What to work on =
Transcribe each line below verbatim; pictures excluded.

Data segment =
--- START ---
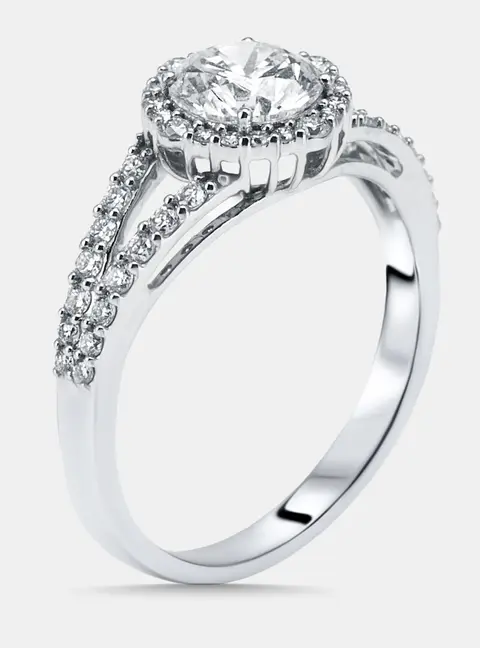 1.23 cts Round Lab Grown Diamond 14K White Gold Ring Size 55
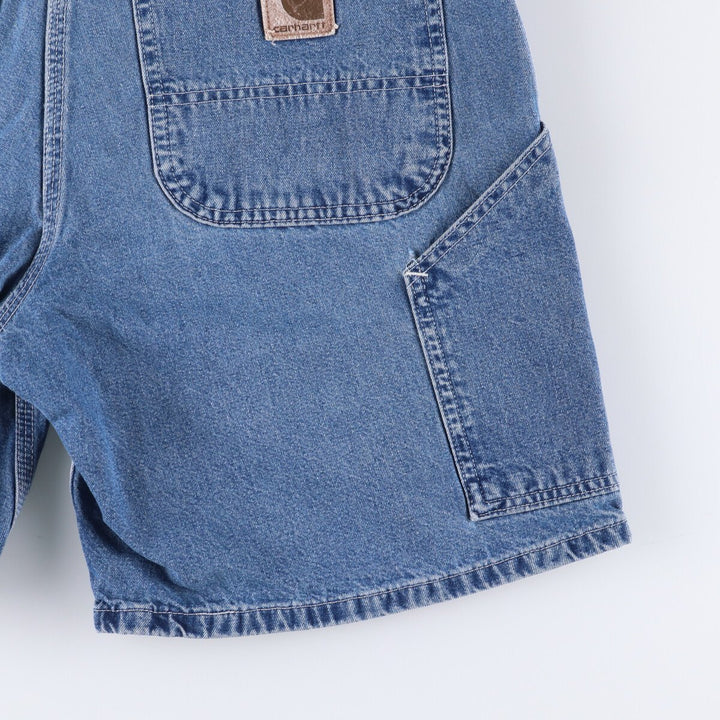 90'S Carhartt denim painter shorts, made in the USA, men's size W34, vintage unclear blue type Vintage Second Hand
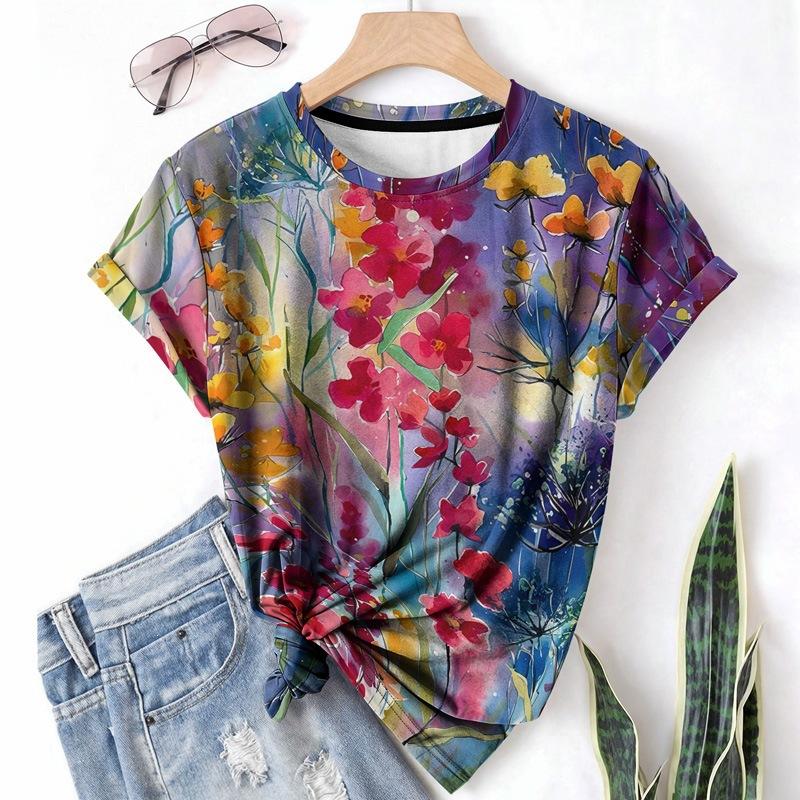 Fashion Women's Crew Neck Short Sleeve 3D Floral Color Printing Floral Short Sleeve Crew Neck T-Shirt
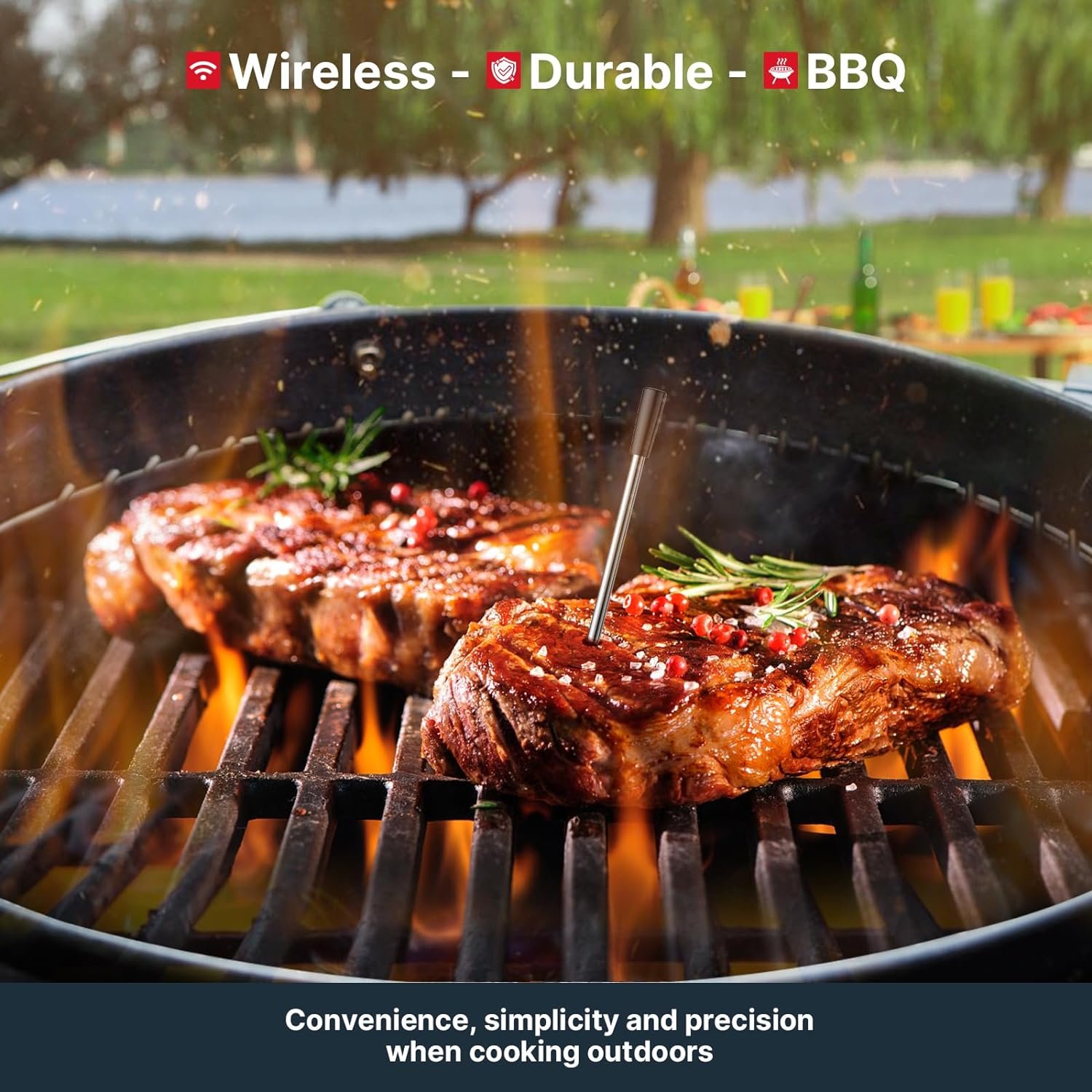 Wireless Meat Thermometer- Bluetooth Meat Thermometer with Smart APP Control -Food Thermometer for Grilling and Smoking - Digital BBQ Meat Thermometer-Oven Thermometer for Electric Oven Wireless Meat Thermometer- Bluetooth Meat Thermometer with Smart APP Control -Food Thermometer for Grilling and Smoking - Digital BBQ Meat Thermometer-Oven Thermometer for Electric Oven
--- END ---
Result for this exercise =
 1.23 cts Round Lab Grown Diamond 14K White Gold Ring Size 55
 90'S Carhartt denim painter shorts, made in the USA, men's size W34, vintage unclear blue type Vintage Second Hand
 Fashion Women's Crew Neck Short Sleeve 3D Floral Color Printing Floral Short Sleeve Crew Neck T-Shirt
 Wireless Meat Thermometer- Bluetooth Meat Thermometer with Smart APP Control -Food Thermometer for Grilling and Smoking - Digital BBQ Meat Thermometer-Oven Thermometer for Electric Oven Wireless Meat Thermometer- Bluetooth Meat Thermometer with Smart APP Control -Food Thermometer for Grilling and Smoking - Digital BBQ Meat Thermometer-Oven Thermometer for Electric Oven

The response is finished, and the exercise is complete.